PolyglotDB supports ways of adding arbitrary information to annotations or metadata about speakers and files by specifying a local CSV file to add information from. When constructing this CSV file, the first column should be the label used to identify which element should be enriched, and all subsequent columns are used as properties to add to the corpus.

ID_column,property_one,property_two
first_item,first_item_value_one,first_item_value_two
second_item,,second_item_value_two

Enriching using this file would look up elements based on the ID_column, and the one matching first_item would get both property_one and property_two (with the respective values). The one matching second_item would only get a property_two (because the value for property_one is empty.

Enriching the lexicon

lexicon_csv_path = '/full/path/to/lexicon/data.csv'
with CorpusContext(config) as c:
    c.enrich_lexicon_from_csv(lexicon_csv_path)

Note

The function enrich_lexicon_from_csv accepts an optional keyword case_sensitive and defaults to False.
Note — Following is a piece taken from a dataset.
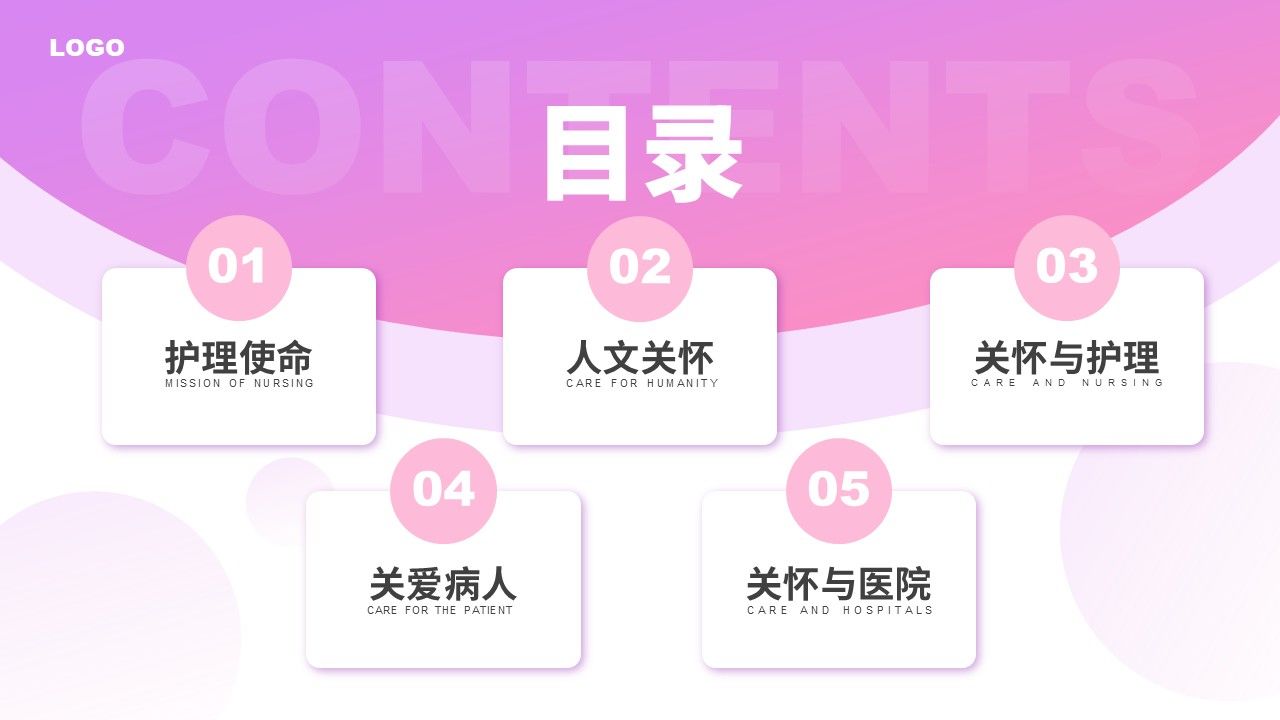 72-人文关怀与优质护理第2页预览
Changing this will respect capitalization when looking up words.

Enriching the phonological inventory

The phone inventory can be enriched with arbitrary properties via:

inventory_csv_path = '/full/path/to/inventory/data.csv'
with CorpusContext(config) as c:
    c.enrich_inventory_from_csv(inventory_csv_path)
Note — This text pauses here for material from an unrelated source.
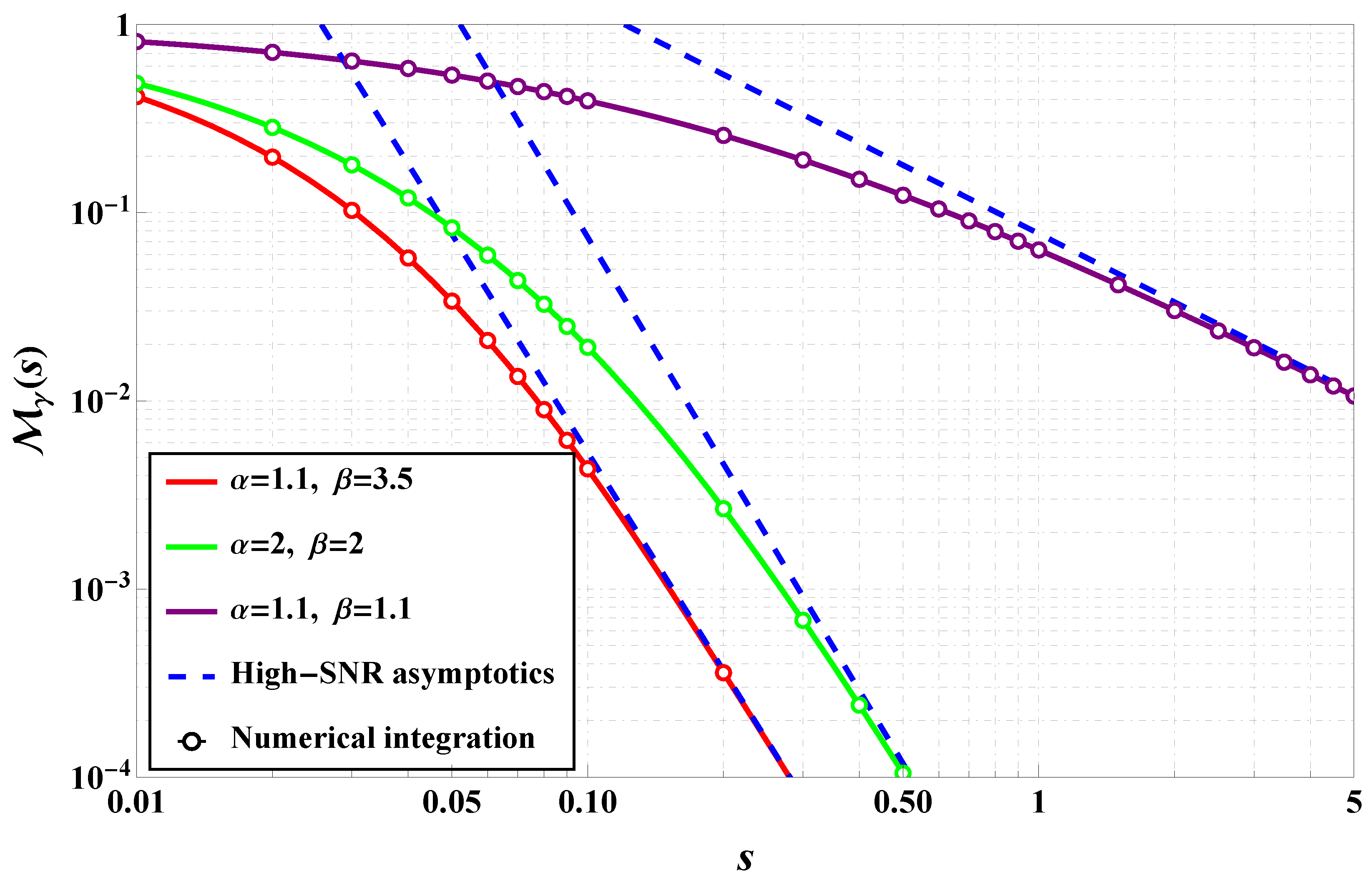 Mathematics 12 03103 g004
Enriching speaker information

Speaker information can be added via:

speaker_csv_path = '/full/path/to/speaker/data.csv'
with CorpusContext(config) as c:
    c.enrich_speakers_from_csv(speaker_csv_path)
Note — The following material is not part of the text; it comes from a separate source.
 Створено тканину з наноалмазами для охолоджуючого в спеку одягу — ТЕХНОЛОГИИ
Enriching discourse information

Metadata about the discourses or sound files can be added via:

discourse_csv_path = '/full/path/to/discourse/data.csv'
with CorpusContext(config) as c:
    c.enrich_discourses_from_csv(discourse_csv_path)

Enriching arbitrary tokens

Often it’s necessary or useful to encode a new property on tokens of an annotation without directly interfacing the database. This could happen, for example, if you wanted to use a different language or tool for a certain phonetic analysis than Python. In this case, it is possible to enrich any type of token via CSV. This can be done using the corpus_context.enrich_tokens_with_csv function.

token_csv_path = '/full/path/to/discourse/data.csv'
with CorpusContext(config) as c:
    c.enrich_tokens_from_csv(token_csv_path,
            annotation_type="phone",
            id_column="phone_id"
            properties=["measurement_1", "measurement_2"])

The only requirement for the CSV is that there is a column which contains the IDs of the tokens you wish to update. You can get these IDs (along with other parameters) by querying the tokens before hand, and exporting a CSV, see Export for token CSVs. The only columns from the CSV that will be added as token properties, are those which are included in the properties parameter. If this parameter is left as None, then all the columns of the CSV except the id_column will be included.